# Determinental Identity

• Aug 5th 2011, 11:02 AM
Drexel28
Determinental Identity
The challenge section has been pretty dead as of late. I think one of the reasons is that some of the problems (or at least the problem's subject matter) is somewhat inaccessible. So, I propose the following question which has the threefold benefit of a) having an easy to understand statement, b) having both a difficult but elementary and an easier but less elementary solution, and c) having real applications in matrix based mathematics. So:

Problem: Let $A$ and $B$ be a $n\times k$ and $k\times n$ complex matrices.
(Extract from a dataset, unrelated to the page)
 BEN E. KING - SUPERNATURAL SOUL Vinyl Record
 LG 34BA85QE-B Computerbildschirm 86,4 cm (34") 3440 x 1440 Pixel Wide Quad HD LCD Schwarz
Then,

$\det\left(I_n+AB\right)=\det\left(I_k+BA\right)$
• Aug 5th 2011, 12:04 PM
girdav
Re: Determinental Identity
We have a more general result: if we denote by $\chi_{AB}:=\det(xI_n-AB)$ (resp. $\chi_{BA}$) the characteristic polynomial of $AB$ (resp $BA$), we have $\chi_{AB}(x)x^k =\chi_{BA}(x)x^n$. To see that, we notice that
\begin{align*}\begin{pmatrix} xI_n &A\\ xB&xI_k\end{pmatrix}&=\begin{pmatrix}xI_n-AB &A\\0&xI_k\end{pmatrix}\begin{pmatrix} I_n&0\\B&I_k\end{pmatrix}\\&=\begin{pmatrix} I_n&0\\B&I_k\end{pmatrix}\begin{pmatrix} xI_n&A\\0&xI_k-BA\end{pmatrix}\end{align*}
and take the determinant.
Now, we take $x=-1$ to show the asked result.